Put simply, the underwriter’s job is to approve, suspend, or decline your mortgage application.

If the loan is approved, you’ll receive a list of “conditions” which must be met before you receive your loan documents.  So in essence, it’s really a conditional loan approval.

If the loan is suspended, you’ll need to supply additional information or documentation to move it to approved status.

If the loan is declined, you’ll more than likely need to apply elsewhere, with another bank or mortgage lender.

The Three C’s of Underwriting

That said, you may be wondering how underwriters determine the outcome of your mortgage application?

Well, there are the “three C’s of underwriting,” otherwise known as credit reputation, capacity, and collateral.

Credit reputation has to do with your credit history, including past foreclosures, bankruptcies, judgments, and basically measures your willingness to pay your debts.

(What credit score do I need to get a mortgage?)

If you’ve had previous mortgage delinquencies or even non-housing related delinquencies, these will need to be taken into account.

Typically these items will be reflected in your three-digit credit score, which can actually eliminate you without any further underwriting necessary if you fall below a certain threshold.

Your history supporting significant amounts of debt is also important; if the most you’ve ever financed has been a plasma TV, the underwriter may think twice about approving your six-figure loan application.

Capacity deals with a borrower’s actual ability to repay a loan, using things like debt-to-income ratio, salary, cash reserves, loan program and more.

This covers whether the loan is interest-only, an adjustable-rate mortgage or a fixed-rate mortgage, cash-out refinance or simply rate and term.

The underwriter wants to know that you can repay the mortgage you’re applying for before granting approval.

(How much house can I afford?)

Finally, collateral deals with the borrower’s down payment, loan-to-value ratio, property type, and property use, as the lender will be stuck with the home if the borrower fails to make timely mortgage payments.

Underwriters Consider Layered Risk

Now it’s important to understand that the three C’s are not independent of one another.

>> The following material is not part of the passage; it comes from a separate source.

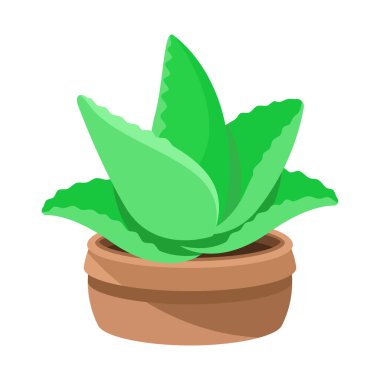 Bir tencerede aloe vera bitkisi tasviri. Aloe vera cilt bakımında ve sağlık ürünlerinde yaygın olarak kullanılır. Aloe vera temalı organik ve dekoratif tasarımlar için ideal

All three must be considered simultaneously to understand the level of layered risk that could be present in said application.

For example, if the borrower has a less-than-stellar credit score, limited asset reserves, and a minimal down payment, the risk layering could be deemed excessive, leading to denial.

This is the underwriter’s discretion, and can certainly be subjective based on other factors such as job type, how long the borrower has been in the job, why the credit score is less than perfect, and so on.

The underwriter must decide, based on all the criteria, if the borrower is an acceptable risk for the mortgage lender, and if the end product can be resold without difficulty to investors.

Layered risk is a major reason why the mortgage crisis got so out of hand. Scores of borrowers applied for mortgages with stated income and zero down financing, which is certainly very high risk, and were easily approved.

Rising home prices covered up the mess for a while, but it didn’t take long for everything to unravel. This is why sound mortgage underwriting is so critical to a healthy housing market.

(photo: Joelk75)

5 Comments

  1. Renee April 15, 2015 at 1:53 pm -

    My husband recently switched from employee to contractor that receives 1099. We are being told that regardless of credit score and down payment we will have to show 2 years of Self Employment tax returns in order to be considered. Is there any way around this and if we apply will we considered at all?

  2. Colin Robertson April 15, 2015 at 4:53 pm -

    Hi Renee,

    Changes in employment can present challenges, especially going from W-2 to self-employed, and certainly if it’s less than two years. But if he’s been doing it over a year and it’s in the same line of work and an equal or better position than his former one, it may be possible to get financing. It might be best to speak with a broker or two so they can scan their range of offerings to see what lenders might be willing to help. And maybe also reach out to some portfolio lenders who keep their loans and thereby underwrite a bit differently.

  3. RAD June 3, 2015 at 2:51 pm -

    if i have less than stella credit and a student loan in default, which is now being rehabilitated, how can i get my pre approval from a lender, ??

  4. Colin Robertson June 3, 2015 at 3:53 pm -

    Rad,

    You may still be able to get approved but it’s probably better to apply when your credit score is higher…lower rate, more options.

  5. rodger August 23, 2015 at 12:47 am -

    I included my home in a bankruptcy 5 years ago but the mortgage company has failed to foreclose on the loan, I have reestablished my credit and have a good credit score can I still buy a home?